Definition
The carriage of persons or property by aircraft, for compensation or hire, or the carriage of mail by aircraft, between any place in a State or possession of the United States and any other place in another State or possession, or between places within the same State through the airspace of any place outside that State. Defined under federal aviation regulations and used to determine which operations fall under federal commercial-operation rules.
Plain English
Flying people, cargo, or mail for pay across state lines — or between two points in the same state if the route passes through another state's airspace.
Context Anchor
Seen in aviation law, operating rules, air carrier discussions, and definitions that separate private flying from commercial public transportation.
Derivation
‘Interstate’ comes from the Latin inter (between) and state.
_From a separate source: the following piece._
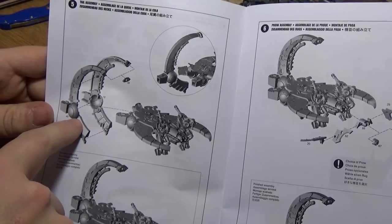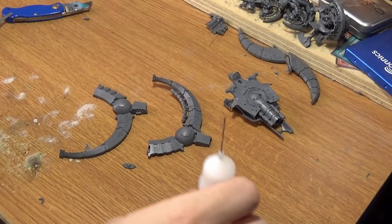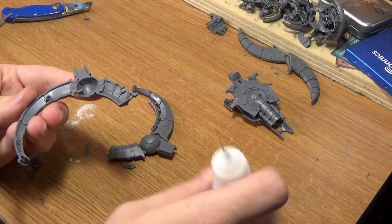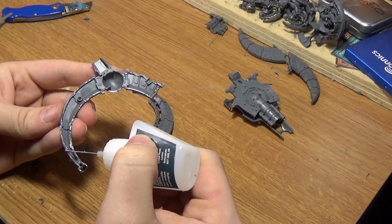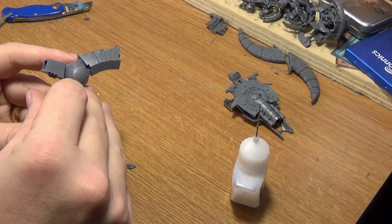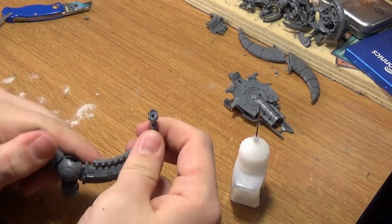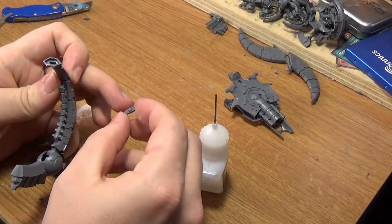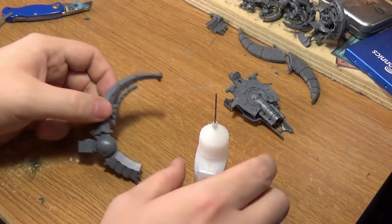Now we need to get these parts here. Follow the instructions and glue it on. I'm going to show you everything on camera so you know you won't miss anything. Don't forget the little tall piece here. If it's all going correctly, it should look like this. Now we'll connect this piece to the other part — follow the instructions.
So ‘interstate’ literally means ‘between states.’ This helps the aviation meaning: the flight crosses a state boundary, which is what brings it under federal commercial rules.
Why Pilots Care
Determines whether federal regulations and FAA oversight apply to the operation instead of state rules.
Intuition Check
Do not read this as “any flight between states.” In this context, it means a legally defined transportation operation, usually involving paid public carriage or mail carriage by aircraft.
Example Sentence 1
A charter flight carrying passengers for hire from Ohio to Kentucky is interstate air transportation and falls under Part 135.
Example Sentence 2
Federal economic regulations govern interstate air transportation even when the aircraft never leaves the contiguous United States.